── DATASET RECORDS
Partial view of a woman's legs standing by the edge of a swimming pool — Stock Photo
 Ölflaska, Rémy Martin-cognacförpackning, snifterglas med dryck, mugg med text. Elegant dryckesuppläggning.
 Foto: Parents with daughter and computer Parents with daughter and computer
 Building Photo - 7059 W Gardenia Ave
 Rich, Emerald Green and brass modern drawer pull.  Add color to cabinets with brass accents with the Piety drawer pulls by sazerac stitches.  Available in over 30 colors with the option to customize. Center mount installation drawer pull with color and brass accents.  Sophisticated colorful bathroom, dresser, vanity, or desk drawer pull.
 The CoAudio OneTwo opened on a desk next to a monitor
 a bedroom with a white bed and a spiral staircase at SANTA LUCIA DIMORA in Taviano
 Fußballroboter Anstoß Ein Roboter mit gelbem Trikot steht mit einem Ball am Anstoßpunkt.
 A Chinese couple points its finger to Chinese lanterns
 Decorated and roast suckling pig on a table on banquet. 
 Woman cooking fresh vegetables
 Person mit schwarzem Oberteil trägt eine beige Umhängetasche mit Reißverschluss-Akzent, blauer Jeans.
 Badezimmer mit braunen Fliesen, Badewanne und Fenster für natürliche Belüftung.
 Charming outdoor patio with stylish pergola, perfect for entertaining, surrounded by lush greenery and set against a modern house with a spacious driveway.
────
YOUR OBJECTIVE:
Among the entries, how many lines contain the word "with"? Give the number alone.

RESPONSE BELOW:
4